■ **What this task involves**: In the data, extract each line that holds the string "Pants".

■ **The records**:
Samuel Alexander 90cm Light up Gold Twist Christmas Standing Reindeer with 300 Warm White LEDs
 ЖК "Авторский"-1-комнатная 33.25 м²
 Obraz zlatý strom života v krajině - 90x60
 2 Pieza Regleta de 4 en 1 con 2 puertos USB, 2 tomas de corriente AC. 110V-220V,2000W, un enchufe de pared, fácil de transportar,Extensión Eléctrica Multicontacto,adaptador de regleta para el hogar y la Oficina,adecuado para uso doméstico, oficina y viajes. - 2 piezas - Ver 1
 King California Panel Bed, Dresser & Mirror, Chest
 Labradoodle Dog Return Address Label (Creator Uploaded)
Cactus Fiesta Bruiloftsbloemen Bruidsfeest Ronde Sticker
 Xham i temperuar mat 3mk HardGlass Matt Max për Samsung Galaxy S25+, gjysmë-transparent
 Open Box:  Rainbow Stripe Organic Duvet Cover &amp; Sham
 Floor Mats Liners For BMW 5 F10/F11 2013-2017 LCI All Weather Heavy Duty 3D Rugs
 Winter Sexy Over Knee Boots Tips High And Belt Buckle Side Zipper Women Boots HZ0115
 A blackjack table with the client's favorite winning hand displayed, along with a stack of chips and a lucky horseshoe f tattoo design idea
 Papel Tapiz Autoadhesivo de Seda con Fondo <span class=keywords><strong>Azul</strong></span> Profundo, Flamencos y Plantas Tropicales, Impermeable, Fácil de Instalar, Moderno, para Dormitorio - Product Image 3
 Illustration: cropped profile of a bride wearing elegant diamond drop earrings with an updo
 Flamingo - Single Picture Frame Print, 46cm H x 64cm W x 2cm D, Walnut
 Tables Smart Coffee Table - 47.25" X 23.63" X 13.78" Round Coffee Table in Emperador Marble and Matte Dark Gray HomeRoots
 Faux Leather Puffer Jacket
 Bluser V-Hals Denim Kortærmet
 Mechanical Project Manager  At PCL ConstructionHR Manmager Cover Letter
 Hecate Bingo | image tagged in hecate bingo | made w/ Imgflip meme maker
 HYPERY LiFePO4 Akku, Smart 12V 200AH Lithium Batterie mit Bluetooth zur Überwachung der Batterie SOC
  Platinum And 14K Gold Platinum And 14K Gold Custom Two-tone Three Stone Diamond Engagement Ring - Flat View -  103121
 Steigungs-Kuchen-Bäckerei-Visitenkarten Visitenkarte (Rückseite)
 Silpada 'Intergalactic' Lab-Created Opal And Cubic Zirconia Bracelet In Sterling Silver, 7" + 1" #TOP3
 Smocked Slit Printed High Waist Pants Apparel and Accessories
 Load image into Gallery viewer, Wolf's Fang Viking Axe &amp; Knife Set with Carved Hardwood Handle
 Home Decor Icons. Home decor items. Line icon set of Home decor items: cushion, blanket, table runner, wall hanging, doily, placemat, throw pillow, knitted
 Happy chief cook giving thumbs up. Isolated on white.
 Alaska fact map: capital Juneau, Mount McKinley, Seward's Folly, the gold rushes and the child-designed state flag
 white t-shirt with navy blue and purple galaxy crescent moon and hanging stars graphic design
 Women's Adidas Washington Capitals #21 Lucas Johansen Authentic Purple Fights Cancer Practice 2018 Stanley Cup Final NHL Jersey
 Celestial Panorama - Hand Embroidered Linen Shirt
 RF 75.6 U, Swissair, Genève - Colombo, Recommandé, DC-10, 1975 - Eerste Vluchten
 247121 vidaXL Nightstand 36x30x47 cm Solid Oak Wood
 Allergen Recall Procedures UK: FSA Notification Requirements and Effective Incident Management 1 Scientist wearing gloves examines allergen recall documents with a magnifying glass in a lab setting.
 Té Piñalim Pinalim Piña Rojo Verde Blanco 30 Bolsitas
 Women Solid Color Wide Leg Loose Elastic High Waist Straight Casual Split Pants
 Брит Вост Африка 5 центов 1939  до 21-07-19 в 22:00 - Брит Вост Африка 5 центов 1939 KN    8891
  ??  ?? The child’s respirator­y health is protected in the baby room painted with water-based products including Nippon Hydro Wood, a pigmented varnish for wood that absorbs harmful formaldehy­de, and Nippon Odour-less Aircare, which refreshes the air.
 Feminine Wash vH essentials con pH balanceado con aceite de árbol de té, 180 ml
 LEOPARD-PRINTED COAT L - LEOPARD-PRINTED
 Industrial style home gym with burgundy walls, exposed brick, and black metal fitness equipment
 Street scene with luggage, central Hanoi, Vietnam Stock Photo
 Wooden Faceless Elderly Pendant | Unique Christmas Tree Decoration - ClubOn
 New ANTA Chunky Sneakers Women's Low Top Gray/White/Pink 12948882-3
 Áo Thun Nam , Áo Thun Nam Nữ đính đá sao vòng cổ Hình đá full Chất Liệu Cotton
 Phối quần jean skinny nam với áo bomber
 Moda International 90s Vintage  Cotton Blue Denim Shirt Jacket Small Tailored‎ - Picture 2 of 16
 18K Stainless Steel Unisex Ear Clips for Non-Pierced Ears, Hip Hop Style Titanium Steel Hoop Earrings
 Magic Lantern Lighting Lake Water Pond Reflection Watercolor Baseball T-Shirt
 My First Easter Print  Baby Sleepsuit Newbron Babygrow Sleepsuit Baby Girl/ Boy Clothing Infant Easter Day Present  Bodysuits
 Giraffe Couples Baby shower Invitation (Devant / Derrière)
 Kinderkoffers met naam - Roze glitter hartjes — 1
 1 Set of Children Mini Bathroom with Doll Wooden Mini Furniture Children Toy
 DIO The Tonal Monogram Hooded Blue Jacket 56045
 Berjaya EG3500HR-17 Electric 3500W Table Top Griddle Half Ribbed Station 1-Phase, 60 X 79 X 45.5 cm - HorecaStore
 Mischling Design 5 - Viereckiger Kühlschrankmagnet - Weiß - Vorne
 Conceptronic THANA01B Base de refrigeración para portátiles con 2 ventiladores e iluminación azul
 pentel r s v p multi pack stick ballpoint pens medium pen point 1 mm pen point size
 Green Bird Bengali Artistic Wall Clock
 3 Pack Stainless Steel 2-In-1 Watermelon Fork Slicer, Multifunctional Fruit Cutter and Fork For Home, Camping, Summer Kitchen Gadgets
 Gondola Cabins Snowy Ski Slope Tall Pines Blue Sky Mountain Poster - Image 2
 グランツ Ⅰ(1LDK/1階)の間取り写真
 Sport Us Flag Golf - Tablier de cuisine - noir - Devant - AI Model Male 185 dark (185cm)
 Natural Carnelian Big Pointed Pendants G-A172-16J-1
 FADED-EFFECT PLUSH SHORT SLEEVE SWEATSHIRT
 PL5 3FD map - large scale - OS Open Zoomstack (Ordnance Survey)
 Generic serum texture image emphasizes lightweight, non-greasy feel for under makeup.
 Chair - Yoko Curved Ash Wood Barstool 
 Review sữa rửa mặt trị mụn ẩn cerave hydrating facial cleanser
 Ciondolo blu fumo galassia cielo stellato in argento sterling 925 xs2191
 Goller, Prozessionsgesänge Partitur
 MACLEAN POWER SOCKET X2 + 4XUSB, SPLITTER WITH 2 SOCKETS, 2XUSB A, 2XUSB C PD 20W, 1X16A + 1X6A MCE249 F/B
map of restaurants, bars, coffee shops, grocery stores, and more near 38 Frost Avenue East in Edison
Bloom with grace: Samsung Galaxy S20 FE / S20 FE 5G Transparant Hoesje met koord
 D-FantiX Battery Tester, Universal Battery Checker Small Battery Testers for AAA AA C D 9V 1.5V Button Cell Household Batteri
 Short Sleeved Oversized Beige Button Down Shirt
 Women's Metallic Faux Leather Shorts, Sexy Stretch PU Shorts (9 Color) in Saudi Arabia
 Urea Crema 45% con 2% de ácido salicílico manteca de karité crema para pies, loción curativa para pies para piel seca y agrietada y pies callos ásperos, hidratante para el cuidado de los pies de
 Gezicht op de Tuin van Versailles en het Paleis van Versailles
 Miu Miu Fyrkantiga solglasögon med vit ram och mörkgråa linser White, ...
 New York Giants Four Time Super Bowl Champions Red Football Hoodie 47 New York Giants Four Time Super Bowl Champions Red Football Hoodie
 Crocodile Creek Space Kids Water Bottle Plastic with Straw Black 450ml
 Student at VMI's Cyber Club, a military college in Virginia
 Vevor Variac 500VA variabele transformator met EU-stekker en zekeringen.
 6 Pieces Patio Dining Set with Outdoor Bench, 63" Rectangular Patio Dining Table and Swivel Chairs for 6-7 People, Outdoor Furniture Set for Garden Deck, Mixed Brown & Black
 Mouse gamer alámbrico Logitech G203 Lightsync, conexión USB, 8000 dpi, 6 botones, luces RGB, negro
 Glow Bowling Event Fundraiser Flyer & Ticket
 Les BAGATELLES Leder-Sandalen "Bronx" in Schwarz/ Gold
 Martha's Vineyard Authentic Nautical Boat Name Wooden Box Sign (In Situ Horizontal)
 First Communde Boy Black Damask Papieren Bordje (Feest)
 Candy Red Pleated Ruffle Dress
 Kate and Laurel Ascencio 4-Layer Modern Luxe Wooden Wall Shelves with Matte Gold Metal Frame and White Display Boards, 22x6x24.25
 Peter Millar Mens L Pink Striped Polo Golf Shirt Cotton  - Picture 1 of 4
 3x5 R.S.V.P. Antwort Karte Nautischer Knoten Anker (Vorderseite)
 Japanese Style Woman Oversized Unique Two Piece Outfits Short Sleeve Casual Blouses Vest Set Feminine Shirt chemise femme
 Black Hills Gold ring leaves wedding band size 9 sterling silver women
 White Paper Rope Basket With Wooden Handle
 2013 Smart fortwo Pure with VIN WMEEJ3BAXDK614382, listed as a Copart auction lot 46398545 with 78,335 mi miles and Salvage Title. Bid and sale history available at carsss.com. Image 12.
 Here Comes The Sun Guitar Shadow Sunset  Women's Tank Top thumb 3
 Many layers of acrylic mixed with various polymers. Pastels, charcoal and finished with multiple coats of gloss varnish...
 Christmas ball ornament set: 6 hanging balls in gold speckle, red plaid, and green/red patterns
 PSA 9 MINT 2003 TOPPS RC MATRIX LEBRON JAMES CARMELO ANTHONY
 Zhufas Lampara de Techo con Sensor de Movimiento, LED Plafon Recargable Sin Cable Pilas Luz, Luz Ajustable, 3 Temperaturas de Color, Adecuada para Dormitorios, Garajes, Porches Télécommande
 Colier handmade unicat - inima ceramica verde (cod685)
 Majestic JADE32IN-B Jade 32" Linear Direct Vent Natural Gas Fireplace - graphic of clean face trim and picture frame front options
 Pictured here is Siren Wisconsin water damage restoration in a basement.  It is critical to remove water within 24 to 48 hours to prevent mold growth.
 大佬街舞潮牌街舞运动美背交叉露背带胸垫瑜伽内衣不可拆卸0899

■ **Response**:
 Smocked Slit Printed High Waist Pants Apparel and Accessories
 Women Solid Color Wide Leg Loose Elastic High Waist Straight Casual Split Pants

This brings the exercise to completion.